Bevor am Nachmittag Nicholas McGegan mit seinem Einführungsvortrag die Festspiele offiziell eröffnete, fand am Vormittag im Alten Rathaus die Ausstellungseröffnung Paul Thiersch und die Bühne statt. Hierbei wurden nicht nur Bühnenbildentwürfe zu Aufführungen der Göttinger Händel-Festspiele aus den Jahren zwischen 1920 bis 1924 gezeigt, sondern das große Spektrum dessen, das die Arbeiten Paul Thierschs generell aufweisen.
Die wohl gegliederte und sehr eindrucksvolle Ausstellung wurde übrigens in Halle von Dr. Katja Schneider konzipiert und war letztes Jahr zu den dortigen Festspielen erstmals zu sehen. Auch die Konzeption und Redaktion des wunderschönen Katalogs lag in den Händen von Frau Dr. Schneider.
Musikalisch umrahmt wurde die Ausstellungseröffnung mit der Suite op. 131c Nr. 2 d-moll für Violoncello von Max Reger (1915), mit der die junge und sehr begabte Cellistin Katharina Troe eine excellente Visitenkarte ihres Könnens abgab.

Im - wieder einmal - völlig überfüllten Studio des Deutschen Theaters gab dann Festspielleiter Nicholas McGegan mit seinem Einführungsvortrag Händel und seine deutschen Freunde erneut eine Kostprobe seines Talentes als Entertainer. Sowohl historisch entscheidende Fakten als auch farbige Darstellungen der Zeitumstände präsentierend begeisterte er mit seinem sympathischen Plauderton - in Deutsch, Englisch und Französisch - die Anwesenden, für die diese Veranstaltung zum obligatorischen, amüsanten Auftakt der Festspiele gehört.

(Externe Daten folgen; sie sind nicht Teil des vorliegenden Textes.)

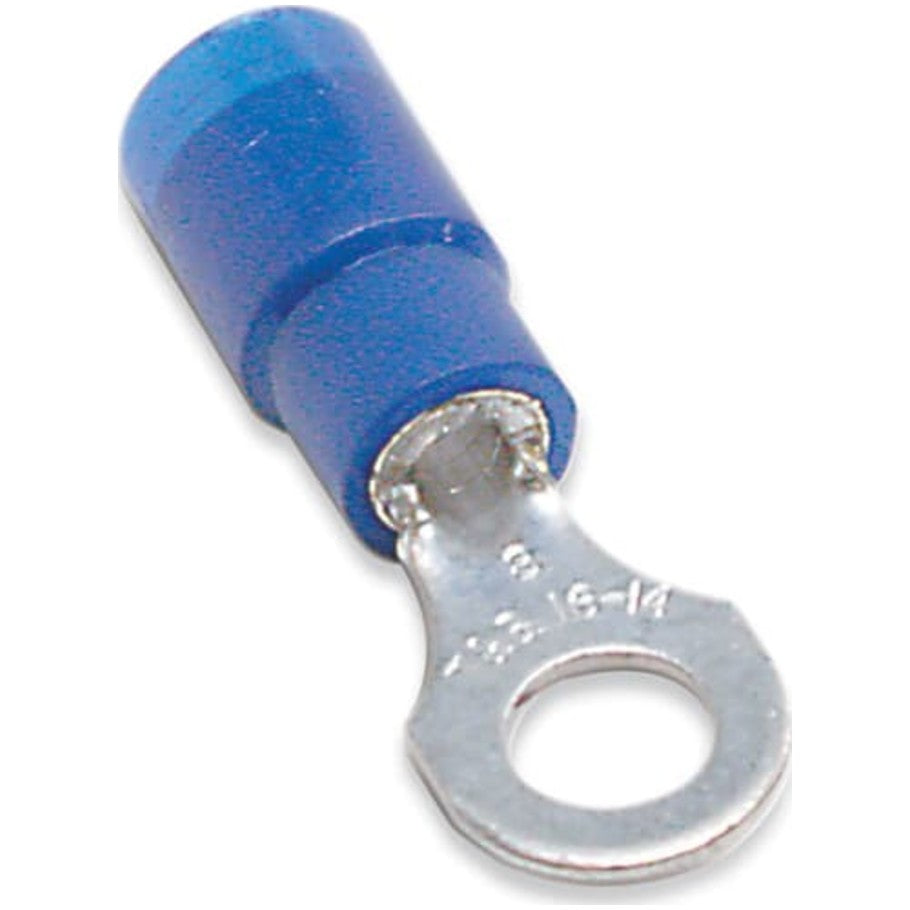 Nylon Insulated Expanded Entry Ring Terminal, Length .95 Inches, Width .31 Inches, Wire Range  18- 14 AWG, Color Blue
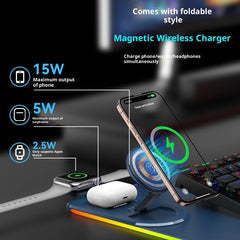 15W 3-in-1 Wireless Charging Mouse Pad For Desk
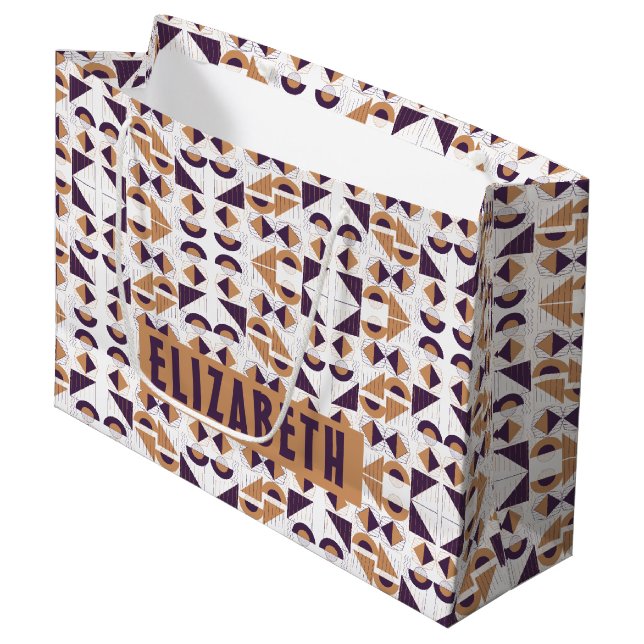 Modern Purple and gold Aesthetic abstract Pattern Large Gift Bag (Front Angled)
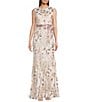 R & M Richards Petite Size 2 Tone Embroidered Sequin Power Mesh Sleeveless Satin Tie Sash Mermaid Gown, Color:Nude/Multi - Image 1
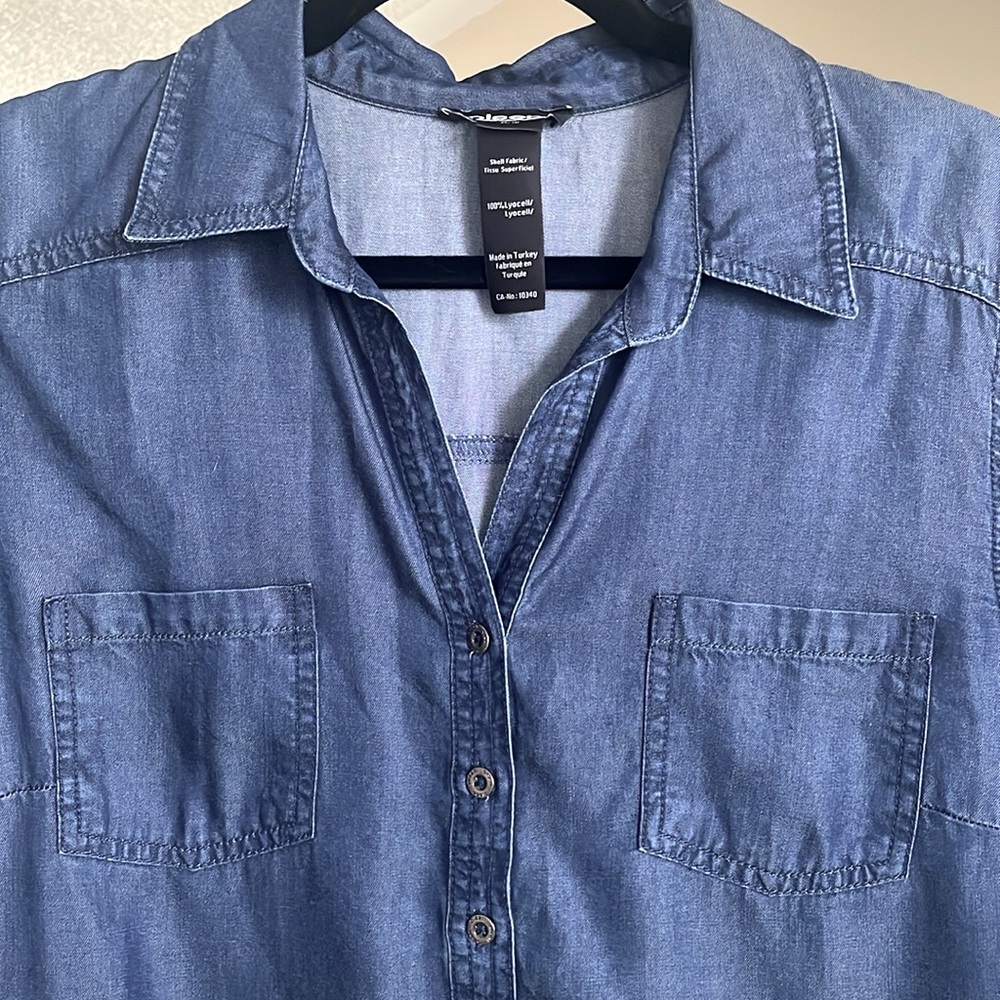 Olsen 100% Lyocell Chambray Tunic Shirt Dress Top | Roll Tab Sleeves | M - Picture 2 of 9
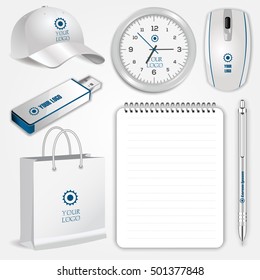 Blank realistic spiral notebook, clock, shopping bag, white pen, computer mouse, flash drive and baseball cap isolated on white vector. Display Mock up for corporate identity and promotion objects
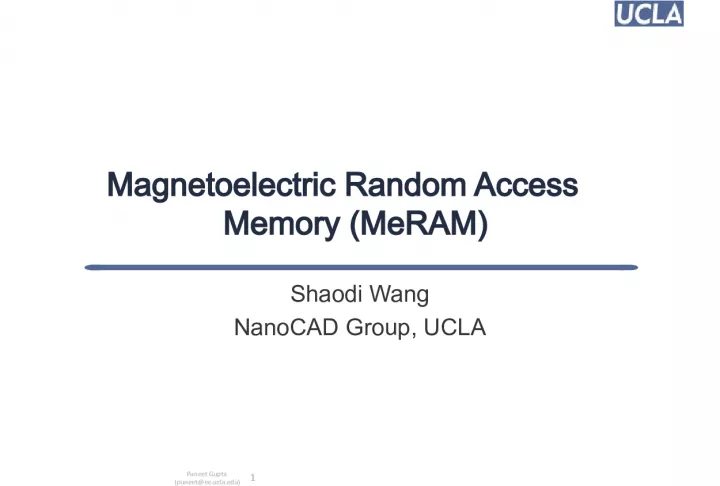 Magnetoelectric Random Access Memory (MeRAM) characteristics and tunneling magnetoresistance ratio (TMR)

Die am Abend im Deutschen Theater zur Aufführung gelangte Produktion von Händels Oper Riccardo Primo wurde dann allerdings weniger zu einem Vergnügen. Zwar nimmt diese Oper Händels schon gleich durch den beeindruckenden, stürmischen Beginn mit Unwetter, Donner und Blitz, kenterndem Schiff und der Rettung der Schiffbrüchigen den Zuschauer für sich gefangen, aber leider kam weder Sturm noch irgendein anderer dramatischer Impuls aus dem Orchestergraben. Die dieses Jahr erstmals engagierte The Hanover Band aus Brighton enttäuschte auf (fast) ganzer Linie. Einzig einige schöne Flöten-Soli und die eine oder andere lyrische Passage hatten das Niveau, das man seit Jahren von dem erstklassigen Freiburger Barockensemble geboten bekam. In dieser Besetzung jedenfalls ist die Hanover Band - mit unpräzis und völlig blutarm spielenden Streichern und unschön klingenden Oboen - in keinster Weise eines so anspruchsvollen Festivals würdig.
Im Gegenteil dazu konnten aber zumindest die Solisten Penelope Walker (Riccardo Primo), Lynda Russell (Constanza), Lorna Anderson (Pulcheria), David Thomas (Isacio) und George Mosley (Berardo) den musikalischen Eindruck des Abends noch verbessern. Janet Shell als Oronte war allerdings für diese Partie stimmlich nicht durchschlagskräftig genug.
Nicholas McGegan schien sich mit dem orchestralen fast-food abgefunden zu haben, mühte sich aber trotzdem, dem Abend noch ein festivalwürdiges Niveau zu geben.
In den bezaubernden - nach barockern Mustern gearbeiteten - Bühnenbildern von Scott Blake und den aufwendigen Kostümen von Bonnie Krüger (=> Aufführungsfotos) agierten die Sänger in der Inszenierung von Kate Brown - die hier zum ersten Mal Regie führte - recht unterschiedlich. Abgesehen davon, daß die Partien natürlich unterschiedlichen "Charakters" sind, ist keine durchgängige Konzeption in der Personenführung - wie sie z. B. bei Drew Minter vor Jahren zu sehen war - zu erkennen gewesen. Trotzdem waren viele Szenen überzeugend gearbeitet.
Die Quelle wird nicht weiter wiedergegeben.